Fraud Friday – New Frontier Chief Credit Officer Guilty
February 14, 2013
A notorious community bank failure that cost the FDIC $670 million and left Greely, Colorado without a Main Street bank closed the books on another fraudster.
Its’ Chief Lending Officer has pled guilty to bank fraud.
Writes the Northern Colorado Business Report, “In July 2003, prosecutors said, Bell helped arrange a deal between a dairy farm owner and two other individuals — prosecutors have withheld their identities — who bought 1,900 cows and leased them to the farmer. The farmer agreed to the deal because he had reached the bank’s legal lending limit and the bank was unable to loan him money that he would have used to buy the cows himself.
“The individuals who bought the cows did so on the understanding that they would receive a $2.5 million loan from the bank to move forward. Bell misled the loan committee by saying that the collateral pledged on the loan — a $100,000 CD — belonged to the borrowers when, in fact, it was held by a sister of one of the individuals seeking the loan.
“That woman, as it turned out, had been dating Bell since 2002 and was engaged to him.

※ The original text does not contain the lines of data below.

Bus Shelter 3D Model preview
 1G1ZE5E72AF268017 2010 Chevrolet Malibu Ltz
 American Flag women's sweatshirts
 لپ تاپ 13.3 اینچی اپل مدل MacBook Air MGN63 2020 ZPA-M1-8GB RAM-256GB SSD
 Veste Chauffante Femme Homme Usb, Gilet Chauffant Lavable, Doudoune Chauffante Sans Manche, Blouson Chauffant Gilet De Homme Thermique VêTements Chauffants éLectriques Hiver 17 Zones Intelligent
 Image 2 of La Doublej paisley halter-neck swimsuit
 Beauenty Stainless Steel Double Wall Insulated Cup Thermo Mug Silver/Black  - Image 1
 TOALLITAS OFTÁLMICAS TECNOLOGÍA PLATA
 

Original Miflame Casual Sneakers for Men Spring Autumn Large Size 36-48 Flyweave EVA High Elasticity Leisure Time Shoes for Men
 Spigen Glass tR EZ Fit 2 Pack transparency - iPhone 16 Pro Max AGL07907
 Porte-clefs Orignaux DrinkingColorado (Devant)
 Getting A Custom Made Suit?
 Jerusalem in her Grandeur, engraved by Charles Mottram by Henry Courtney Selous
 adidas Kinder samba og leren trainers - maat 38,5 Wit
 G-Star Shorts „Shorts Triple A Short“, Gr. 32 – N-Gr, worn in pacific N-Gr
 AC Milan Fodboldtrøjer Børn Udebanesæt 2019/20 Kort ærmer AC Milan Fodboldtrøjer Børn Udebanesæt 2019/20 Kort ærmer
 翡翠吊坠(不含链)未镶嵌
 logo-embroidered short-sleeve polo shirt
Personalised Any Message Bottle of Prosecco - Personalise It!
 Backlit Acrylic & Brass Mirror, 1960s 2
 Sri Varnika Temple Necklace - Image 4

She was identified in the paperwork only as “B.F.”
“Among other points that he failed to disclose, Bell never divulged that the woman’s share of the profits — about $10,000 a month — would be deposited into a joint bank account in their names.
“Between November 2005 and December 2008, the woman received 37 checks for a total amount of $389,126.78.
“In another deal that led the charges against him, Bell used his parents to help engineer a series of transactions in 2007 involving the same dairy farm owner — identified only as J.J. Bell persuaded his parents to take out a $9.7 million loan from New Frontier and then misapplied about $662,000 of the loan proceeds by writing a check in that amount to the dairy farmer. The bank had never been told that any of the loan proceeds would go to J.J. or his company.
“Some of the money — about $75,000 — also ended up in Bell’s own accounts and his joint account with B.F. She used the money to pay down a line of credit that she had used in early 2008 to buy a Corvette. Shortly after that purchase, Bell and B.F. had ended their relationship. Bell kept the car.”